May 29, 2003
I gave a talk at the Hubbard Museum last Saturday morning and it was quite intimidating. As I looked over the the packed room I saw the faces of practically every Old West expert in the land. Drew Gomber (Billy the Kid author and expert), Richard Ignarski (weapons expert), Phil Spangenberger (ditto), Al Frisch (ditto), Nora Henn (Lincoln County War expert), Bob McCubbin (photo and well-read expert), Dave Daiss (no slouch on gun and Old West history), Paul Andrew Hutton (a professor of history at UNM). You get the picture.
Normally when I give a speech I can pontificate and pull statistics out of my rectum like this: “Ma’am Jones of the Pecos was an incredible woman. She had nine kids, eight of them boys and she lived 132 miles from the nearest doctor.” But on this speech I found myself saying, “Nora, how far is it from Seven Rivers to Fort Stanton to the nearest doctor?” And Nora would say, “152 miles,” and I would say “Thankyou. It’s nice to have experts here in the room,” when it actually was intimidating as Hell. In spite of this, or maybe because of it, the speech went really well and we laughed and had a good spirited conversation about all things Western.
Later that same day, back in Lincoln, two of Paul Hutton’s young daughter’s came to the main house at Casa de Patron where we were staying and asked if I wanted to join them for a walking tour of Lincoln.

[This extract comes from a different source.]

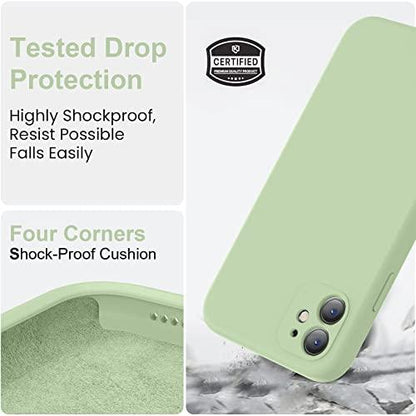 VooiiVooii Compatible with iPhone 11 Case, Upgraded Liquid Silicone with [Square Edges] [Camera Protection] [Soft Anti-Scratch Microfiber Lining] Phone Case for iPhone 11 6.1 inch - Matcha - GEAR4EVER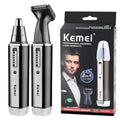Kemei 4 em 1 aparador para homens elétrico nariz e orelha aparador recarregável para cabelo barba nariz e orelha limpador aliciamento conjunto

I got dressed (I was on my third nap) and went out on the street. There I met Paul, his two daughters and his young son, Paul Andrew, Jr., who must be about seven or eight. We started up the street and right off, Paul Jr. says to his dad, “Where did Billy kill the sherif?” And Paul says pointing, “Right over there son. And he shot two others and they all deserved it.” I, of course blanched and looked at Paul askance. It has never been proven that the Kid killed Sheriff Brady on April Fools Day in 1878. He was shooting with five or six other Regulators through an adobe wall and it was a rather cowardly killing to say the least. But Paul just smiled and kept walking. His son and daughters were hanging on his every word. We got past the Tunstall store and Paul says, “Here’s where Billy escaped from a burning house and killed three men as he ran, hitting one right between the eyes as he jumped into the Rio Bonito river bottom and escaped to fight another day.” The kids eyes were wide but not as wide as mine. Billy shot no one as he escaped, all the killings happened in the next wave of McSween men who tried to escape the burning house. It was legend and Walter Noble Burns who gave those killings to Billy. Paul is an expert on this and so I was appalled but I kept my mouth shut. This went on for an hour or so and at every turn, Paul told his kids the tall tales that I thought we were supposed to disprove and educate the public about.
When we got back to Casa de Patron, his kids were pulling on his arm and saying, “Daddy, Daddy, tell us more stories.” I finally realized he is a genius. My kids never were interested because I would say, “Don’t believe that sign. It really didn’t happen that way.” I told this to Paul and he smiled. “Always tell your kids the legend,” he told me. “Maybe they’ll get interested enough in history and want to find out what really happened.”
That’s why I want to be Paul Andrew Hutton when I grow up.
“If you can’t improve on a story, you have no business retelling it.”